The rise and rise of Ruth Davidson continues apace, as she rides the crest of an indyref2 backlash that has launched the Conservatives into the unusual position in Scotland of having a popular cause at the same time as a popular leader.
The only downside to a memorable week for the Scottish Conservative leader was the need for Theresa May to seek support from the Democratic Unionist Party to form a government. Davidson, who is due to marry her female partner, wasted no time in going straight to the top to voice her concerns about a party that is opposed to gay marriage.
But in making her thoughts known so directly, almost immediately after the Prime Minister’s talks with the DUP, Davidson demonstrated that she is not prepared to defer to her superior when she does not feel comfortable with UK policy.
We have seen this approach over free prescriptions and the winter fuel allowance, when she took a different approach to party policy south of the border, explaining this variation by saying “devolution allows you to make different decisions”.
The latest suggestion of Davidson feeling confident enough to deviate from the script is over the running of the election campaign in Scotland, where she chose to go with an anti-indyref2 message as opposed to the “strong and stable” line.
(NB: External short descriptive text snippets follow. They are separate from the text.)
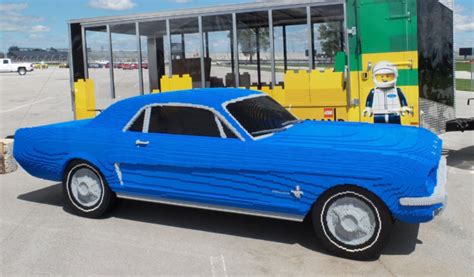 A true blue classic: Life-size 1964 Ford Mustang built out of Lego bricks – GeekWire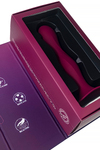 Фаллоимитатор Satisfyer Double Ball-R, силикон, бордовый, 18 см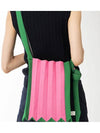 New Cross Bag Pink Green - PLEATSMAMA - BALAAN 6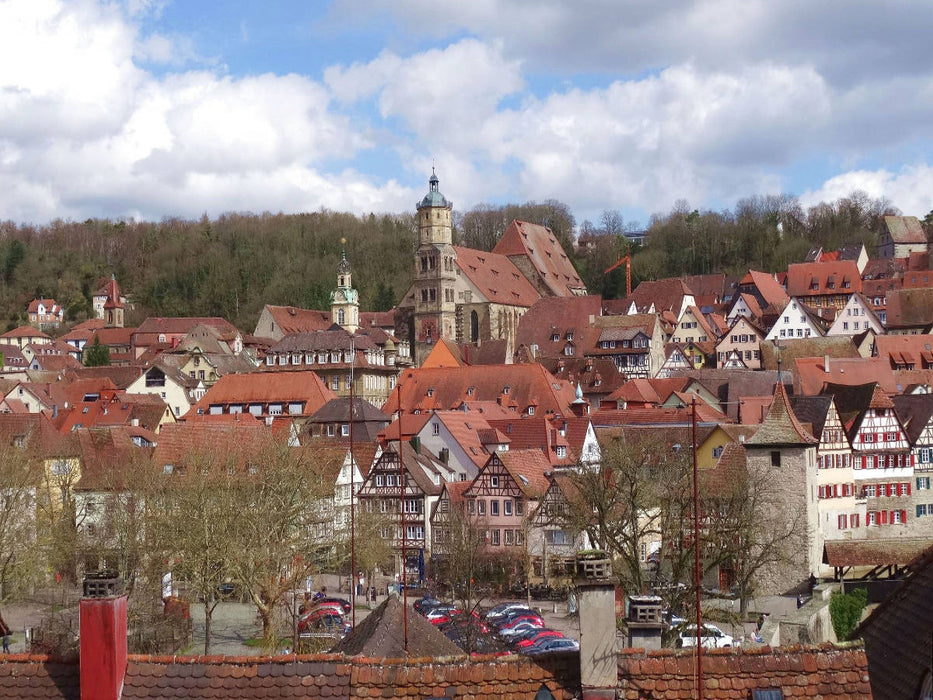 Über den Dächern - CALVENDO Foto-Puzzle'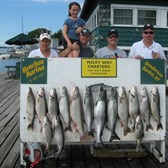 Henderson Harbor Fishing with Milky Way Charters - Jim Conroe party - 1st trip ever - very happy!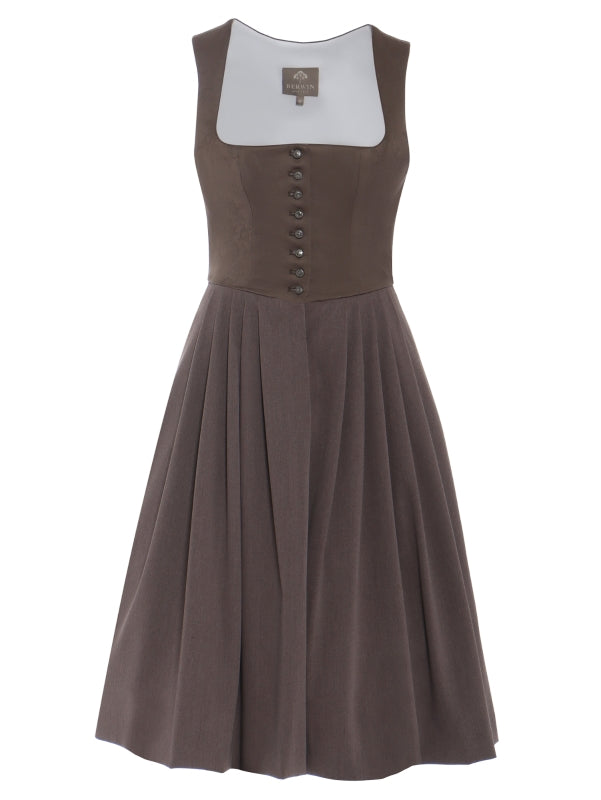 Berwin "Amalie" Dirndl in Taupe — 70 cm (No Apron)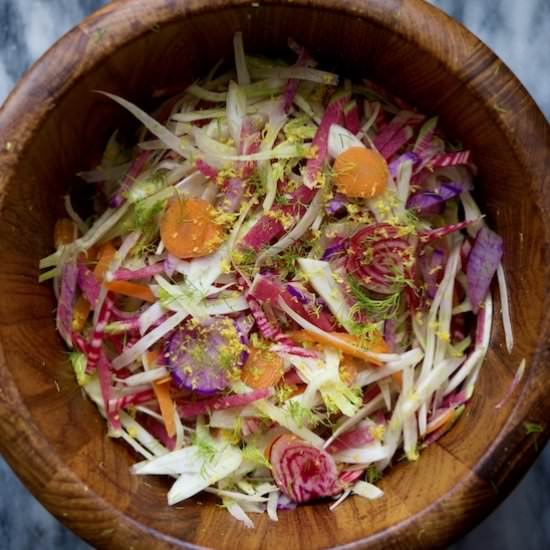 Root Vegetable Spring Salad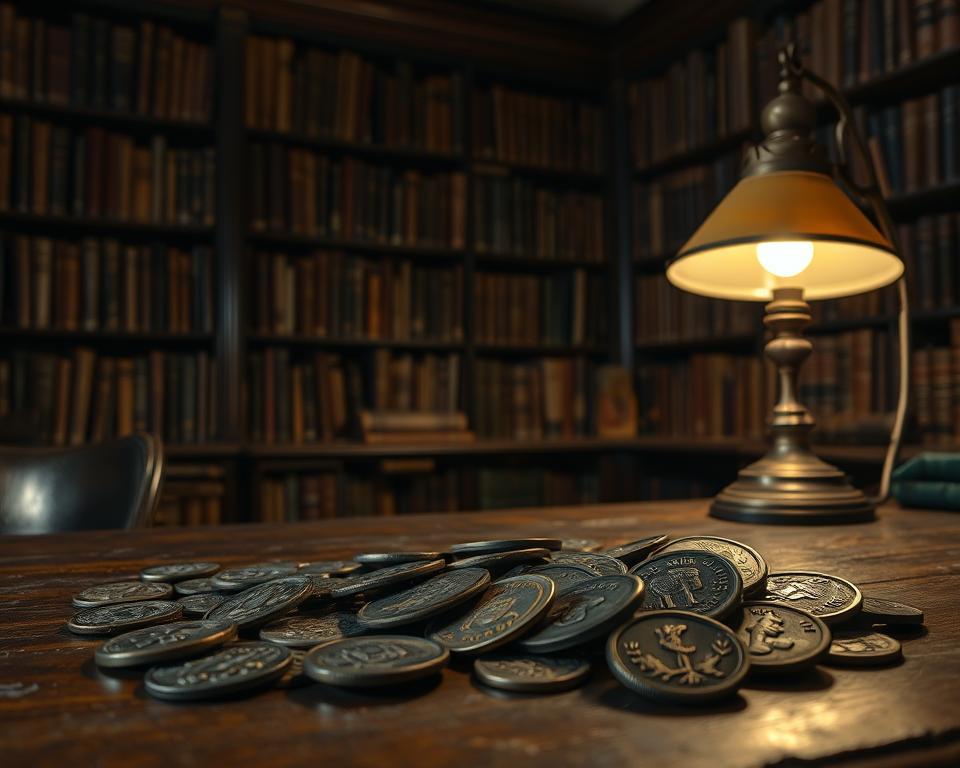 identificação de moedas antigas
It barely needs hindsight to see the wisdom of taking that stand, as May’s advisers departed yesterday after savage criticism of the Conservative campaign, described by one senior Tory as “the worst manifesto in history”.
Davidson’s refusal to follow instructions from party HQ has led to reports that she is ready to break the Scottish Conservatives away from their UK colleagues, which of course she has denied, but it is clear she has benefited from a level of autonomy, and that she may feel that more control is required if further progress is to be made north of the border. That doesn’t mean there will be a split – a prospect rejected when Davidson saw off Murdo Fraser in the leadership race five years ago – but simply further “devolution”.
Events have shown Davidson was right to trust her own instinct during the election, and Theresa May should be grateful for that, because without the 13 seats won in Scotland, the Prime Minister would be described as the “former” Prime Minister today.
For however long she continues in office, May would do well to let Davidson get on with her work in Scotland. The Scottish party leader has delivered the one success story in what has been a grim week for her party overall, and is understandably being tipped for a bigger role on the UK stage. Ironically for a party that opposed the creation of a Scottish Parliament in the 1997 referendum, a little devolution has now gone a long way for the Conservatives.